Ben Caldwell's most widely known work is the Action! Cartooning series of 'how-to' books and the All-Action Classics comics including Dracula, Tom Sawyer, The Odyssey, and The Wonderful Wizard of Oz for Sterling; script and art for an oversized (and polarizing) Wonder Woman story for DC Comics' Wednesday Comics series; the award-winning 2015 Prez reboot miniseries from DC Comics (w. Mark Russell), a 2016 run on A-Force for Marvel Comics (w. Kelly Thompson), and an as-yet untitled Carrie Kelley graphic novel (w.
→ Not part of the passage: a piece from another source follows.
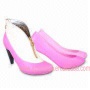 pink dress footwear shoes cover/silicone rubber overshoes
Frank Miller).

Caldwell began his comics career with the creator-owned and award-losing Dare Detectives comic, which has been reprinted or rebooted at various times. "Dare" was inspired by his Eighth Grade algebra class, as a way to avoid Eighth Grade Algebra.

==Personal life==
Ben Caldwell lives in Pennsylvania with his family and large collection of Chinese murder mysteries.